** Input data follows **
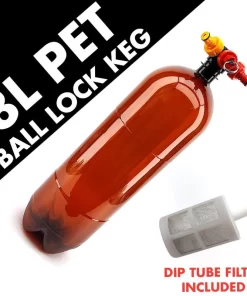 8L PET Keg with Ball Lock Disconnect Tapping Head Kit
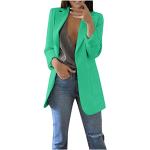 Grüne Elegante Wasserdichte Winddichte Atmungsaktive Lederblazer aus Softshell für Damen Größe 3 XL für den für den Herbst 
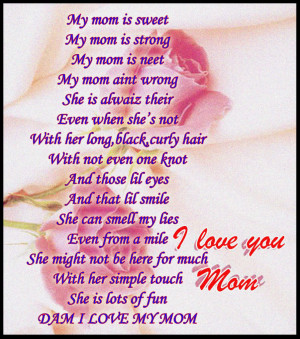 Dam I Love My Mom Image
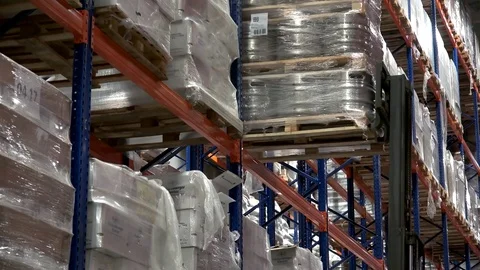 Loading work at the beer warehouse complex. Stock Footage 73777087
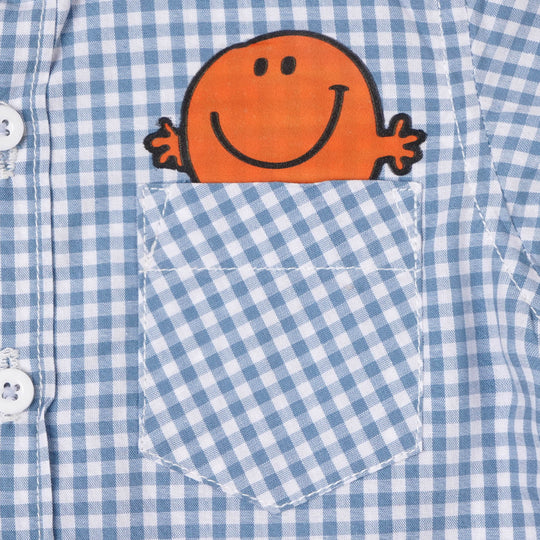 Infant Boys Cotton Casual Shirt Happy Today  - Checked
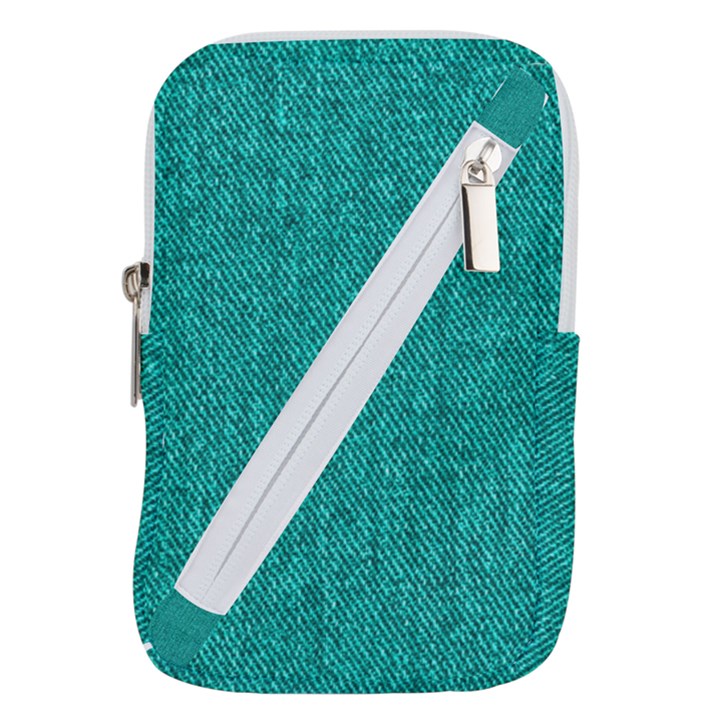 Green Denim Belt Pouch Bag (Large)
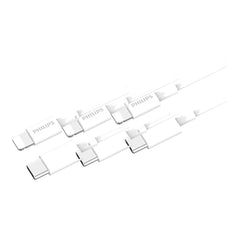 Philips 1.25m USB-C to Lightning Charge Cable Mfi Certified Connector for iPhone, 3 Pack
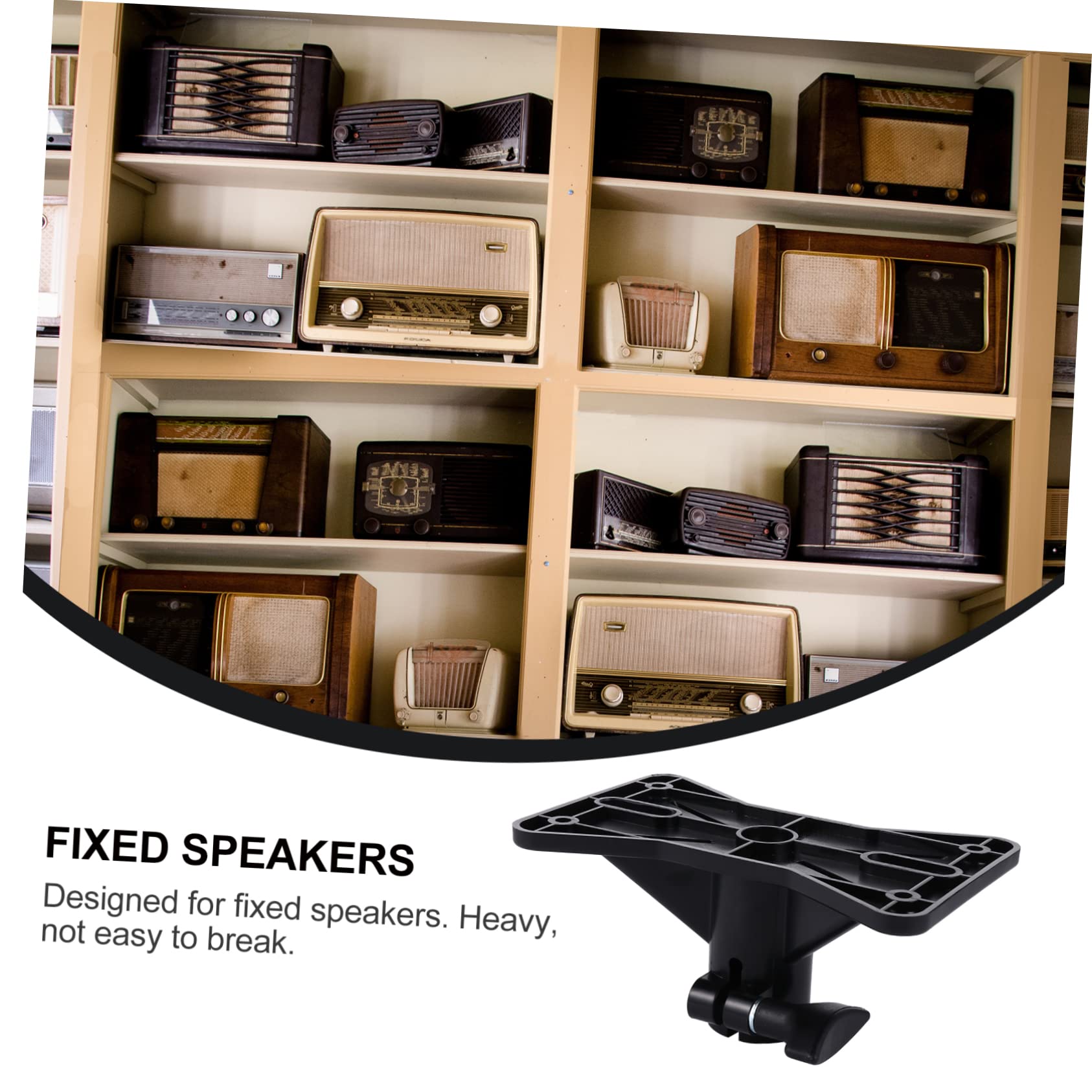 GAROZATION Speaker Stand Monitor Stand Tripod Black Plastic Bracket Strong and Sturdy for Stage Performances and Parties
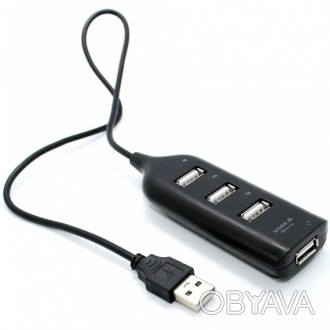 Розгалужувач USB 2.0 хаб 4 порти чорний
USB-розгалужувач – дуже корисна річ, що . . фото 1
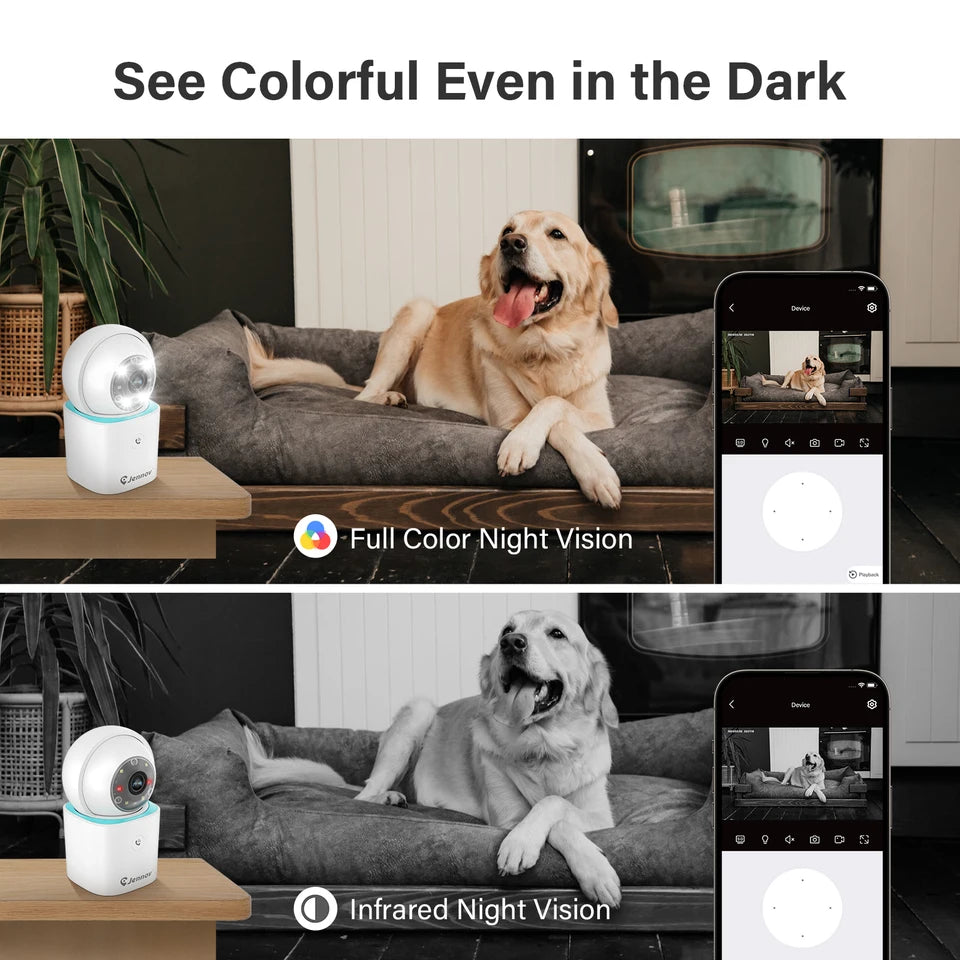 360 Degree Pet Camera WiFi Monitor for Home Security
** End of Input data **
Work task | Each record must be repeated verbatim, and no picture may appear in the copy.

Result |
 8L PET Keg with Ball Lock Disconnect Tapping Head Kit
 Grüne Elegante Wasserdichte Winddichte Atmungsaktive Lederblazer aus Softshell für Damen Größe 3 XL für den für den Herbst 
 Dam I Love My Mom Image
 Loading work at the beer warehouse complex. Stock Footage 73777087
 Infant Boys Cotton Casual Shirt Happy Today  - Checked
 Green Denim Belt Pouch Bag (Large)
 Philips 1.25m USB-C to Lightning Charge Cable Mfi Certified Connector for iPhone, 3 Pack
 GAROZATION Speaker Stand Monitor Stand Tripod Black Plastic Bracket Strong and Sturdy for Stage Performances and Parties
 Розгалужувач USB 2.0 хаб 4 порти чорний
USB-розгалужувач – дуже корисна річ, що . . фото 1
 360 Degree Pet Camera WiFi Monitor for Home Security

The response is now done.